In balance, according to the Bank for International Settlements in Basel, Switzerland, a central bankers' bank, the net lending of the commercial banks of the industrial countries fell to a $2 billion annual rate in the first quarter of 1983, compared with a $50 billion annual rate in 1981. So the banks are still increasing their loans, although modestly, to the developing countries. They are not ''bailing out,'' as some in Congress charge.

The banks are calculating that the recovery of the world economy, rising commodity prices, and stable if not falling real interest rates (after subtracting inflation) will restore the ability of the developing countries to service their loans. So, rather than writing off the loans, they are lengthening them. They don't regard this as pouring good money after bad.

Two other Data Resources economists, David Wyss and Ron Napier, also note in an article in their company's Review of the Economy: ''There is an old saying that when you owe a bank a thousand dollars it is your problem; when you owe the bank a million dollars it is the bank's problem. Perhaps a third line needs to be added: When you owe a bank $50 billion it is the banking system's problem.''

That's because a failure of Brazil, Mexico, and Argentina together could wipe out two-thirds of US bank capitalization.

But the two reckon that ''a default is not in the cards. Such a default would risk cutting off too much trade. Moreover, once the card was played, there would be no future lever with which to move the banking system.''

They figure that, much more likely, the debtor countries will take a relatively tough position in the negotiating process. This could lead to a breakdown in the talks and a suspension of payments until renegotiations of the loans are complete.

According to Mr. Napier, Brazil is the key country in these negotiations. Mexico is in good shape. Argentina will probably follow Brazil's example. But Brazil has borrowed too much money. It has debts of $90 billion, yet it exports only about $20 billion a year.

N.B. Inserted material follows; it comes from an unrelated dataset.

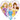 Ballon Mylar 18Po Coeur - Princesses Disney Party Shop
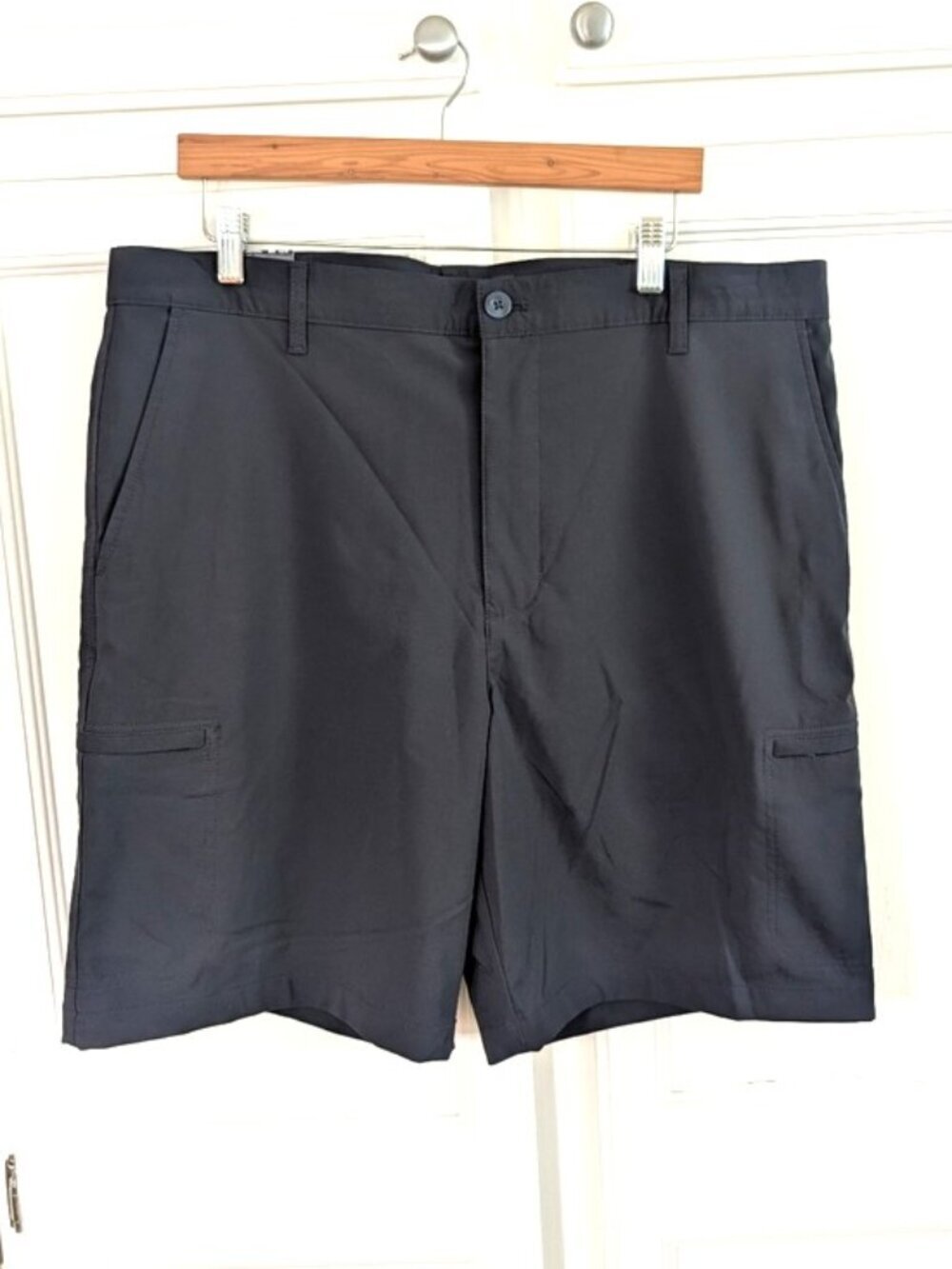 Chaps Black Men's‎ Golf Cargo Pockets Stretch Shorts Navy Blue Size 38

Right now Brazil has a trade surplus. This provides a month-by-month source of liquidity that can be used to finance imports. In theory, Brazil could stop servicing its debts and use the extra funds to finance more imports, thus permitting faster domestic growth. But, as Mr. Napier notes, the risks would be enormous. If the price of oil increased (oil accounts for about half of Brazil's imports), the Latin nation would be strapped for funds. Or if another world recession occurred later this decade and Brazil's commodity exports dropped in price, again the country might have to impose even greater economic stringency at home than today. Their ability to borrow abroad would be practically nil.

Brazil is expected to sign a deal with the IMF today which should meet some of its current financing needs. At the moment, it has won a specially sweet deal whereby it is not only not repaying the principal on its loans, but it's borrowing funds to pay some of the interest on its debts. Nonetheless, the economic constraint has caused considerable political turmoil in the nation. Mr. Napier suspects it could be that the Brazilian legislature will reject the IMF deal. Under the Brazilian Constitution, however, the IMF letter of intent could be approved by government fiat after two months.

But that won't end the hassle. Napier notes that negotiations with commercial bankers will follow. And there will likely be further negotiations in subsequent years. The deals will often seem like ''extreme patchwork.''

Whatever, the fact that there is a decided common interest in resolving the debt problems means that they will probably be handled, though in a messy way.